Nearly two weeks ago, I posted “A Democratic Platform for 2022.” This was a minimalist list of policy positions intended to appeal to voters who, in large numbers, are in sympathy with them. I remarked that Democrats “should be dismissive of other matters raised by their opponents and avoid being dragged into complex arguments they are unlikely to win.”

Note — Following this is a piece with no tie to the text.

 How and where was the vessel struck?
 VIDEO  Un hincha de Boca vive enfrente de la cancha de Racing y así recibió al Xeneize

I stand by what I wrote in my Platform, but I was perhaps naïve regarding the range of “other matters” GOP candidates might raise or be tempted to raise. I was astonished and horrified when I read a description offered by Heather Cox Richardson of platform planks recently adopted by the Republican Party of Texas. In her June 18 essay, she wrote
[D]elegates to a convention of the Texas Republican Party today approved platform planks rejecting “the certified results of the 2020 Presidential election, and [holding] that acting President Joseph Robinette Biden Jr. was not legitimately elected by the people of the United States”; requiring students “to learn about the dignity of the preborn human,” including that life begins at fertilization; treating homosexuality as “an abnormal lifestyle choice”; locking the number of Supreme Court justices at 9; getting rid of the constitutional power to levy income taxes; abolishing the Federal Reserve; rejecting the Equal Rights Amendment; returning Christianity to schools and government; ending all gun safety measures; abolishing the Department of Education; arming teachers; requiring colleges to teach “free-market liberty principles”; defending capital punishment; dictating the ways in which the events at the Alamo are remembered; protecting Confederate monuments; ending gay marriage; withdrawing from the United Nations and the World Health Organization; and calling for a vote “for the people of Texas to determine whether or not the State of Texas should reassert its status as an independent nation.”

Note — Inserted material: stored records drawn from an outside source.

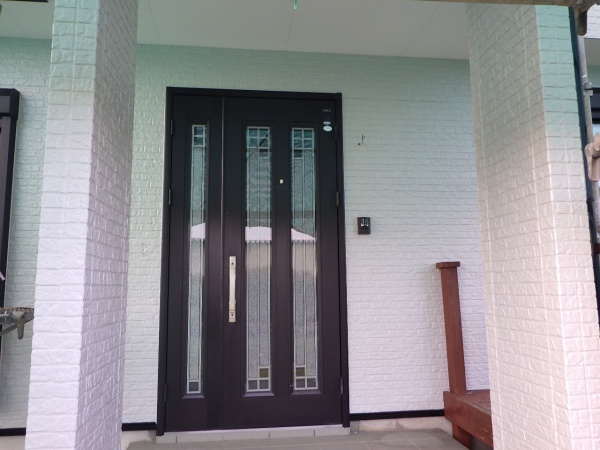 養生を剥がしました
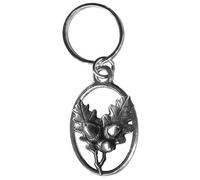 Fan-O-Menal Metal Porte-Clés - Feuilles avec Glands - Gr. Ca. 7x3cm - 13253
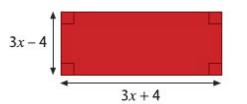 5 7. O desenvolvimento do caso notável da multiplicação é o polinómio: 5 5 x 15x 9x 15x 5 9x 15x 5 9x 8. Escreve uma expressão simplificada que represente a área do seguinte polígono: 9.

The Republicans responsible for these policy positions seemingly take no arrangements in society as given. They have no right to suggest that raising the minimum wage or forgiving student loans is in any way “radical.” These Texans seem to have cornered the market of radical. Their platform, I suggest, would find favor among few American voters.
It is unlikely that Republicans nationally will espouse the sort of platform articulated by their Texas colleagues, but it would be unwise to assume that the views of Texas Republicans are confined to the Lone Star State. I have suggested that a vote for any Republican is a vote to dismantle our democracy. It may actually be a vote to dismantle our entire civilization.
Of late, I have heard many questions regarding what Democrats actually stand for. They stand for, among other things, the negative of every plank adopted by GOP Texans. Well, perhaps Democrats would support the last plank Heather Cox Richardson mentioned.